• **Problem to work on**:
Would you please set down the data again exactly as given, excluding the pictures?

*** Excerpted data ***

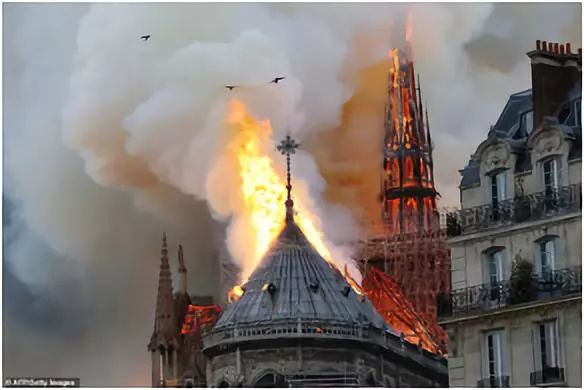 1655811995603854.png d544fcb79b0190015e6dc365b36bb50.png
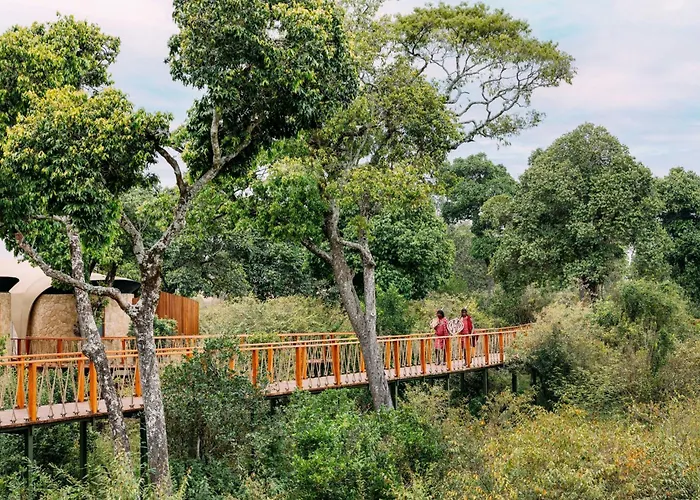 The Ritz-Carlton, Masai Mara Safari Camp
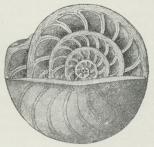 Fig. 4. Nummulit, halvt opskaaret.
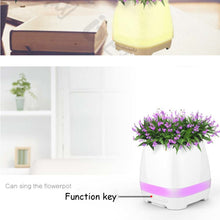 Pot de fleur Mini Bluetooth Speakers Wireless FM Radio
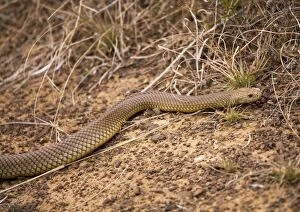 King Brown / Mulga Snake - with tongue out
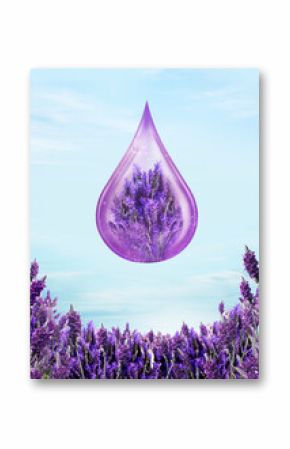 lavender field background for beauty product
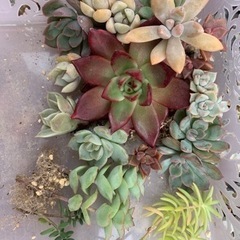 エケベリア　寄せ植え　多肉植物の画像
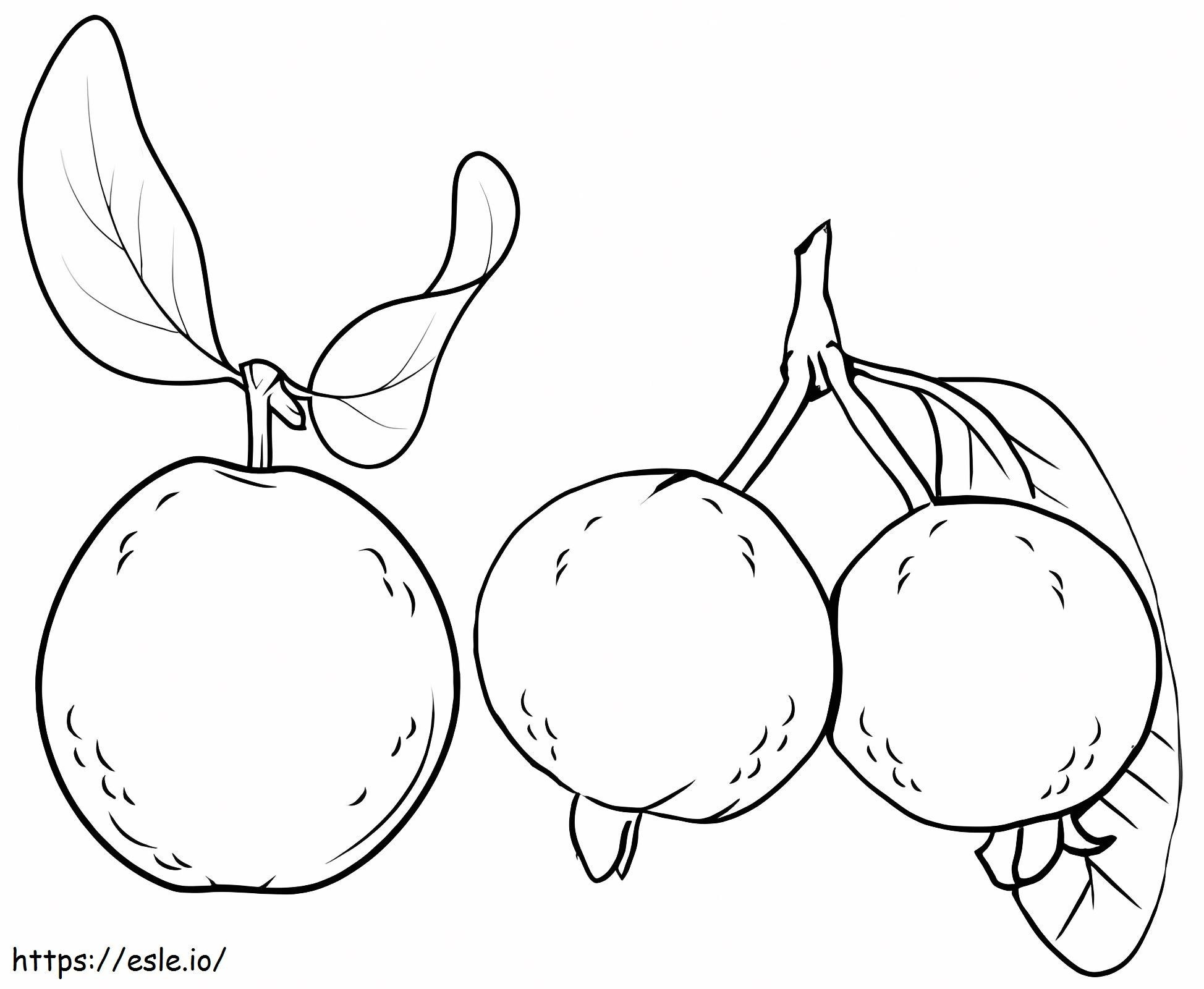 Drei grundlegende Guaven ausmalbilder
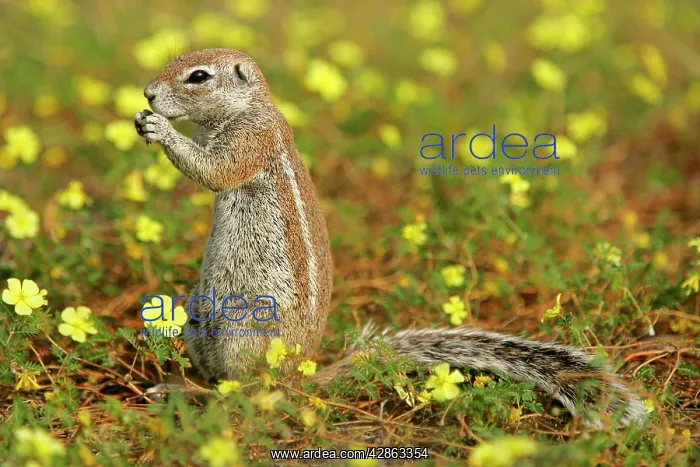 : Cape Ground Squirrel / South African Ground Squirrel : Cape Ground Squirrel / South African Ground Squirrel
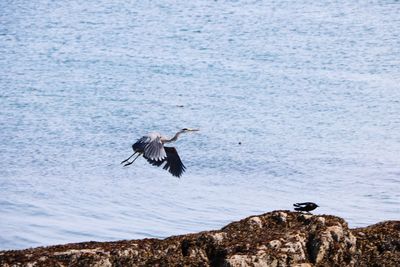 Bird flying over rock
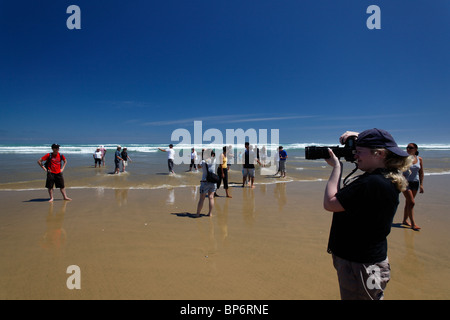 Voir de 90 Mile Beach, en Nouvelle-Zélande Banque D'Images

*** End of Excerpted data ***

• **Your response**:
 1655811995603854.png d544fcb79b0190015e6dc365b36bb50.png
 The Ritz-Carlton, Masai Mara Safari Camp
 Fig. 4. Nummulit, halvt opskaaret.
 Pot de fleur Mini Bluetooth Speakers Wireless FM Radio
 King Brown / Mulga Snake - with tongue out
 lavender field background for beauty product
 エケベリア　寄せ植え　多肉植物の画像
 Drei grundlegende Guaven ausmalbilder
 : Cape Ground Squirrel / South African Ground Squirrel : Cape Ground Squirrel / South African Ground Squirrel
 Bird flying over rock
 Voir de 90 Mile Beach, en Nouvelle-Zélande Banque D'Images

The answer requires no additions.